#### [Required action]
From the line that contains "Black 304 stainless" to the last line of the data below, transcribe every line exactly. Do not include the pictures.

#### [Recorded data]

::::

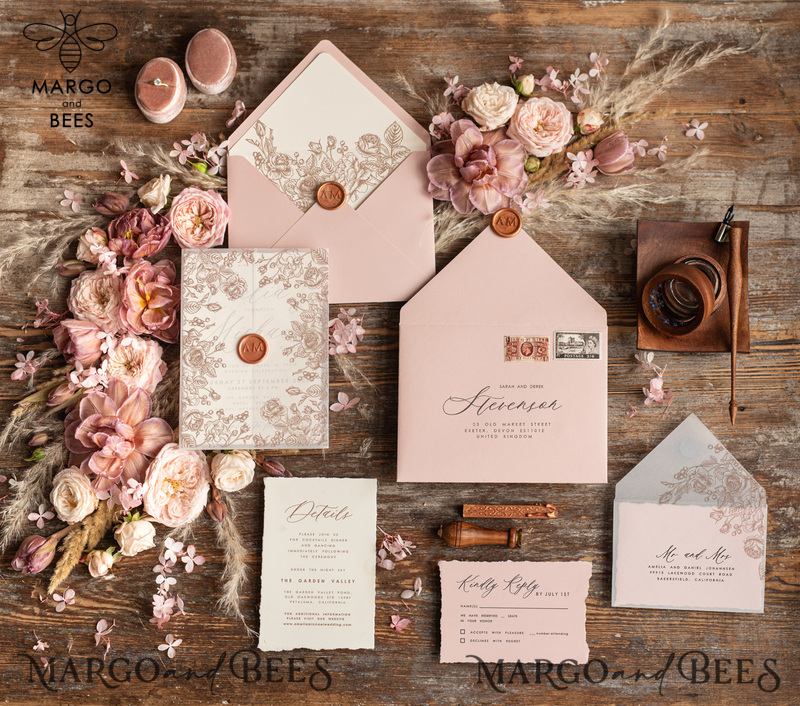 Chic wedding invitations, Simple wedding invitations • Elegant Wedding Invitation Suite • Handmade wedding Invites-2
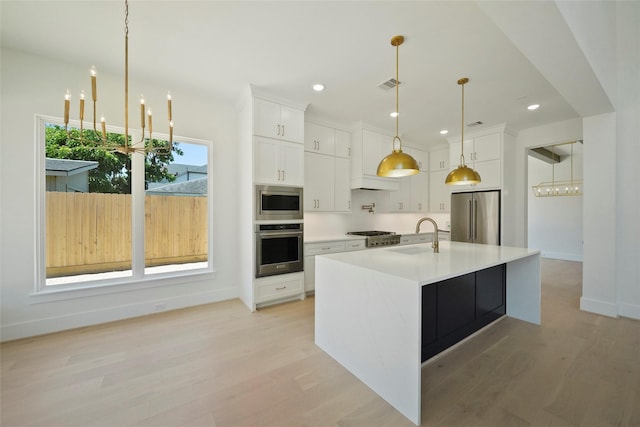 kitchen with pendant lighting, appliances with stainless steel finishes, sink, white cabinetry, and a kitchen island with sink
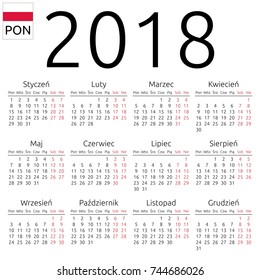 Simple annual 2018 year wall calendar. Polish language. Week starts on Monday. Highlighted Saturday and Sunday, no holidays. EPS 8 vector illustration, no transparency, no gradients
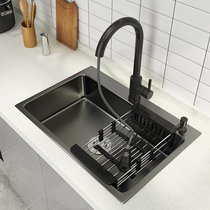 Black 304 stainless steel Nano sink single tank handmade thickened household wash basin kitchen large sink sink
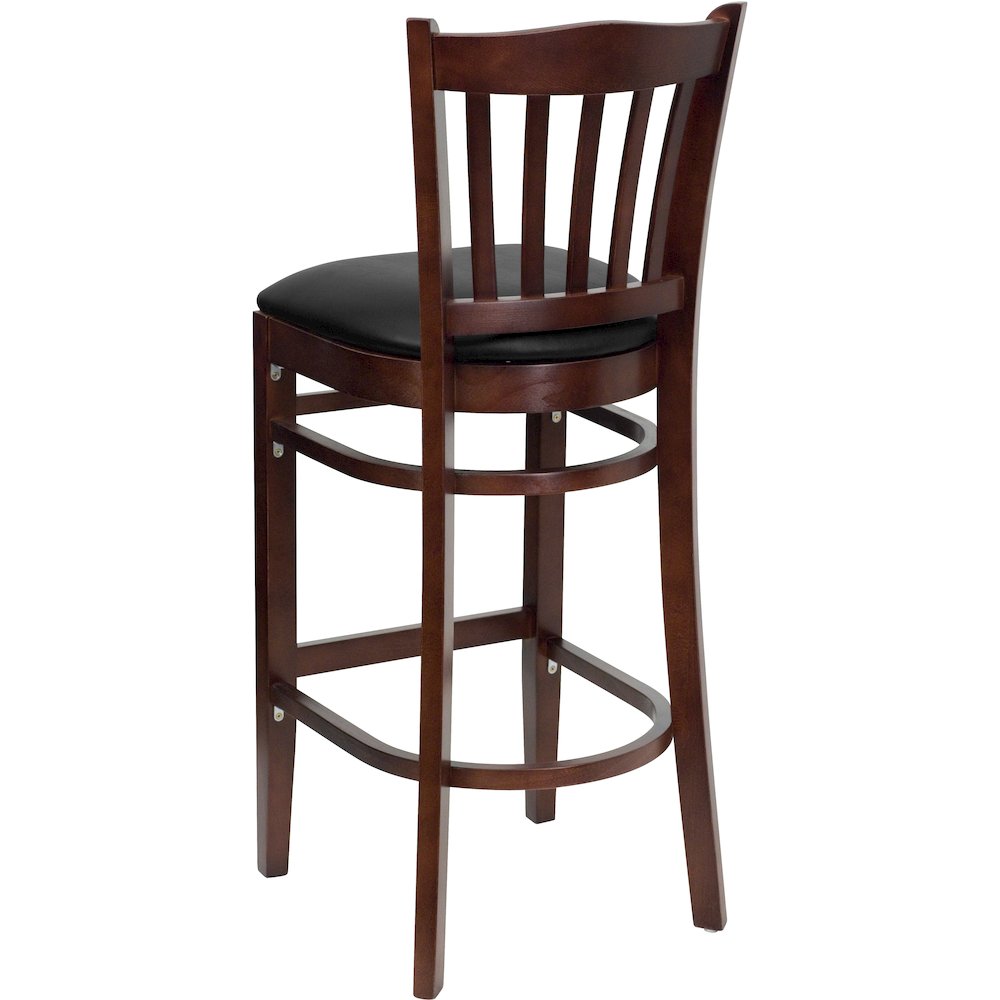 Vertical Slat Back Mahogany Wood Restaurant Barstool - Black Vinyl Seat. Picture 3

::::

#### [Reply]
 Black 304 stainless steel Nano sink single tank handmade thickened household wash basin kitchen large sink sink
 Vertical Slat Back Mahogany Wood Restaurant Barstool - Black Vinyl Seat. Picture 3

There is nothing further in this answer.